I have a kamagata - people say the tip is more useful on a kama - I don't use the tip all that much with it but it does give it a bit more versatility.

180 - 210 are the most used sizes-- gives good size for daikon sheets as well as just general use. 165 is common as well, I find that size small tho.

Have you used single-bevels before?


----------



## knyfeknerd (Apr 20, 2012)

Great thread. I'm in the market for an usuba as well. Am going Kamagata for purely aesthetic reasons. Would love to hear any and all input from members responding to your questions. I've really been keen on a 210 Suisin Inox, but also really like the Gesshin Hide Blue as well. Now that I'm comitted to spending(Saving) that amount of money, I'm not really sure which one to go with.


----------



## schanop (Apr 20, 2012)

There are a couple of recent threads on usuba:

http://www.kitchenknifeforums.com/showthread.php/3291-Usuba
http://www.kitchenknifeforums.com/showthread.php/5348-Should-I-buy-an-usuba-Which-one

plus another older one:

http://www.kitchenknifeforums.com/showthread.php/1008-Is-Usuba-really-necessary

Am loving these usuba talks :-0 Just don't go too cheap.


----------



## Seth (Apr 20, 2012)

I don't know about compelling reasons but kamagata style seems to be more popular and maybe more useful. If by single steel you mean honyaki then you are talking major bucks. If you mean kasumi vs suminigashi then I think you will see more kasumi. That's a layer of soft and a layer of hard. Regardless, if you are thinking traditional you probably want carbon, though the suisin inox is a nice knife. As far as resale I think you can't be too expensive or too cheap. I have a suisin ginsanko, about $400, and a Nenohi, about $850. I think I would have trouble selling the Nenohi. Talk to Jon at JKI for some good guidance and look at his site and also Korin to get an idea of the range of choices. Blue steel, white steel, stainless, etc. Name brands will be easier to sell: Masamoto, Suisin, etc.
s.


----------



## Namaxy (Apr 20, 2012)

Thanks for the responses, and sorry I missed the referenced threads....I tried the search function but didn't find those discussions...search fail on my part.

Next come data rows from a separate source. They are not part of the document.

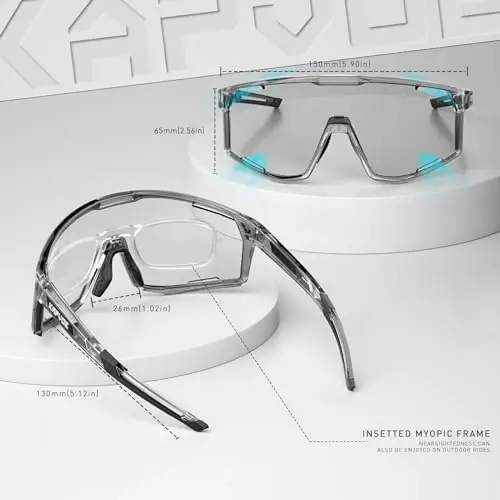 KAPVOE Photochromic Velosiped Ko'zoynaklar Erkaklar Tog' Velosiped Quyoshdan saqlaydigan ko'zoynaklar Ayollar Shaffof MTB Sport Ko'zoynaklar Velosiped Triatlon K180 - 5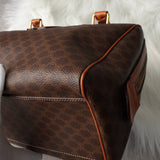 セリーヌ ヴィンテージ マカダム PVC /レザー ミニボストンバッグ ハンドバッグ ブラウン - NEWSED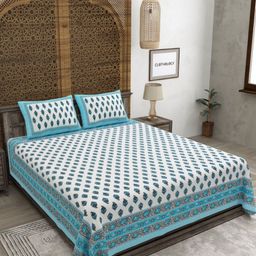 CLOTHOLOGY White & Blue Floral 180 TC King Bedsheet with 2 Pillow Covers-image-19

On the the single bevel question, yes I've been using a yanigba for almost 2 yrs now, and it's what I've been using for sheets so far. As for steel, yes I meant honyaki. I've been looking at the knives mentioned..the Gessin blue, the Suisin, on JKI, as well as a white carbon steel on EE.

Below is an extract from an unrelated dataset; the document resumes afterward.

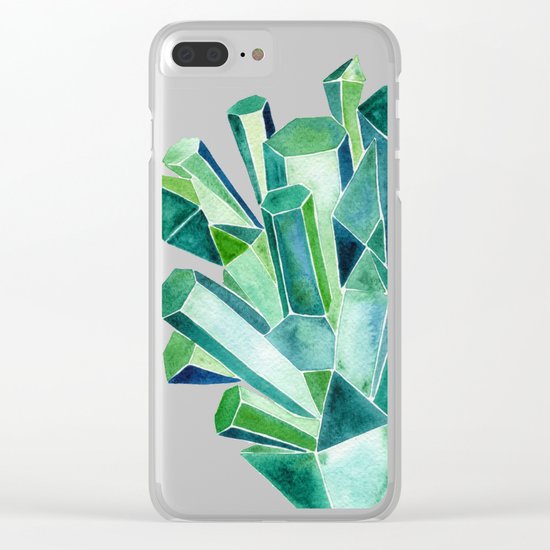 Emerald Watercolor Clear iPhone Case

Thanks again for the responses, and I'll go through those other older threads.


----------



## AFKitchenknivesguy (Apr 20, 2012)

One piece of advice, as the others have said, don't go cheap. I sold all mine years ago, good luck!


----------



## Crothcipt (Apr 20, 2012)

Ty for posting those threads I found it very useful. I have been thinking about single bevels for a few weeks and this has me thinking a little more.


----------



## JKerr (Apr 20, 2012)

I own 3 usuba atm, 21cm Mizuno kamagata, 21cm tadatsuna azumagata and a 24cm Shigefusa azumagata. I prefer the azumagata (sqaure) style, but I reckon this comes down to personal preference more than anything. I have no doubt that the kamagata has a more versatile profile, I just feel like I need to be more delicate with the kamagata due to the tip, though I think this is just a a mental thing on my behalf. Having said that, it could be down to what I've used and when; the mizuno was the first I owned and I was pretty clueless back then, I got the tadatsuna at least a year later when I was a bit more knowledgeable, and the Shige recently (which is friggin' awesome).

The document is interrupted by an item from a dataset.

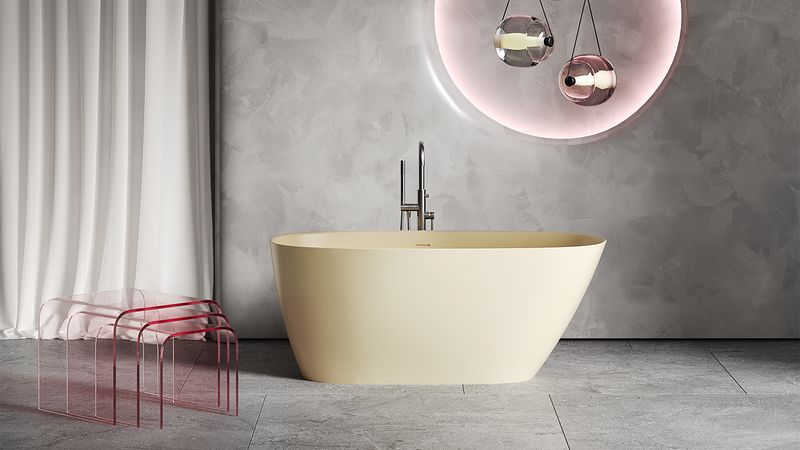 Ванна отдельностоящая Salini Sofia S-Stone 102528MF 150x75x60.5 (покраска RAL полностью, матовый), донный клапан, сифон, слив-перелив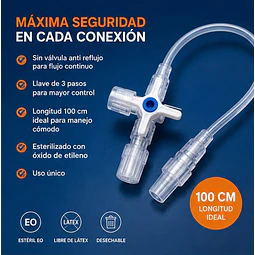 Alargador Venoso Con Llave De 3 Pasos 100 cm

As for length? What size are your other knives? I have a preference to 27cm gyutos and a while back got right into full size cleavers, and I find 21cm+ comfortable with an usuba. I don't think you would go wrong with 21cm, IMO it can feel a little small on the board if you're use to larger knives, but it does feel better for "in-hand cutting".

Never used a cheap usuba myself so I can't comment on that but I'd recommend not getting carried away. I spent almost $400 on my Mizuno and while I try to convince myself I liked it at first, I found it incredibly frustrating and it got little use, I've since come around to appreciating the usuba and while I enjoy using them, they're not the first knife I reach for and probably never will be (again, as much as I try to convince myself otherwise. They're just so cool). 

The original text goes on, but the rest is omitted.